Francuska policja rozbiła międzynarodowy gang, na którego czele stal 63-letni zubożały arystokrata, przedstawiający się jako prawosławny arcybiskup i szef religijnej organizacji charytatywnej. Obiecywał on bogatym rodzinom imigrantów sprowadzanie do Francji ich krewnych z Afryki. W rzeczywistości ci ostatni byli porywani przez bandytów, którzy następnie żądali wysokich okupów.

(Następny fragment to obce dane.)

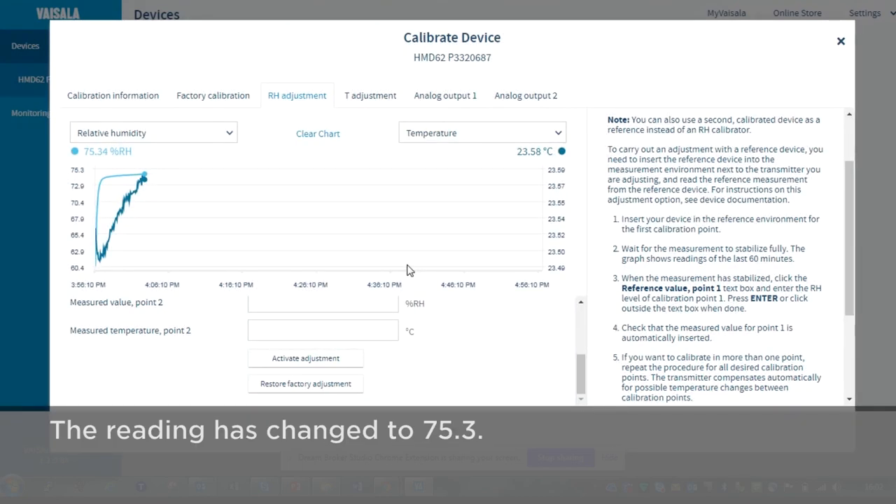Now it's reading 75.3. That's pretty easy. We are done with the adjustment.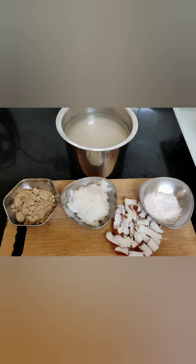Hi friends, welcome back to my channel S2K. Today I'm going to prepare apam without using any soda. These are the required ingredients. I have taken two cups of parboiled rice, which is also called as Pungal Arisi in Tamil.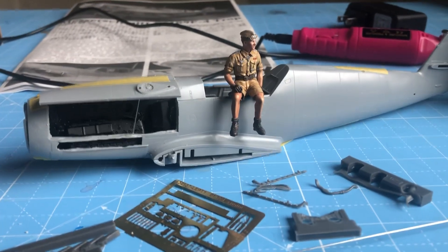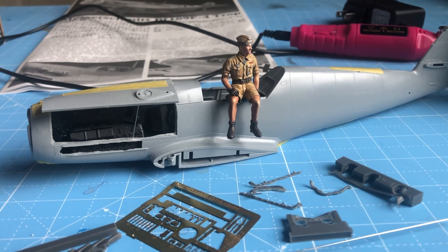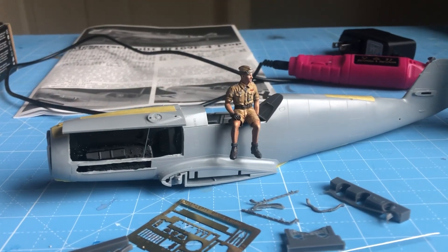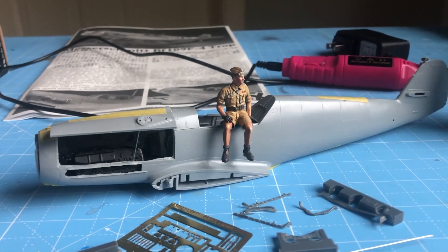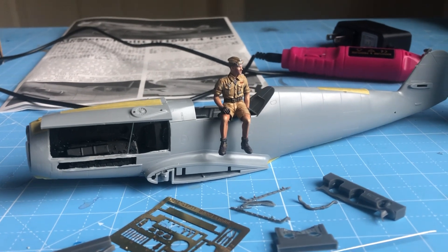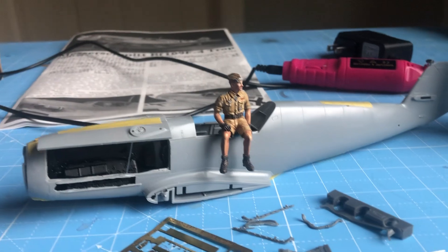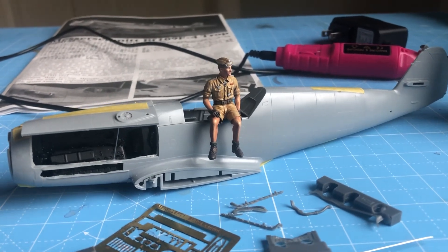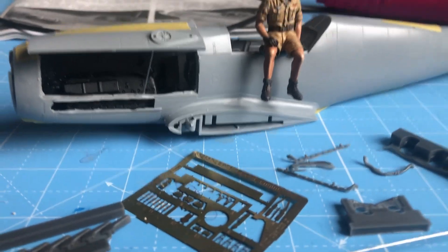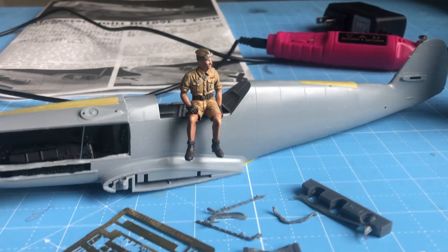Let's start with maybe the most important thing: the build, my ongoing build for the Rambler 69 appreciation group build. I chose a Hasegawa BF109F, Hans Joachim Marseille's plane. It's a lovely model, but as I've mentioned in the past, it didn't come with an engine — it was all closed up, notwithstanding what a wonderful kit it looked to be.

Fałszywy metropolita, który został aresztowany w regionie paryskim, proponował zamożnym rodzinom imigrantów „humanitarna pomoc”. Obiecywał, że ułatwi sprowadzenie do Francji ich krewnych, których życie znajdowało się w Afryce w niebezpieczeństwie. Ci ostatni byli jednak przewożeni najpierw na Cypr, gdzie byli przetrzymywani przez bandytów.  

Rzekomy arcybiskup tłumaczył wtedy rodzinom, że powstały „nieprzewidziane problemy” i koszty „charytatywnej akcji” nagle wzrosły. W praktyce - jak podkreślają policjanci - żądał od nich za każdym razem kilkudziesięciu tysięcy euro okupu. Grozi mu do 15 lat wiezienia. Interpol poszukuje jego wspólników.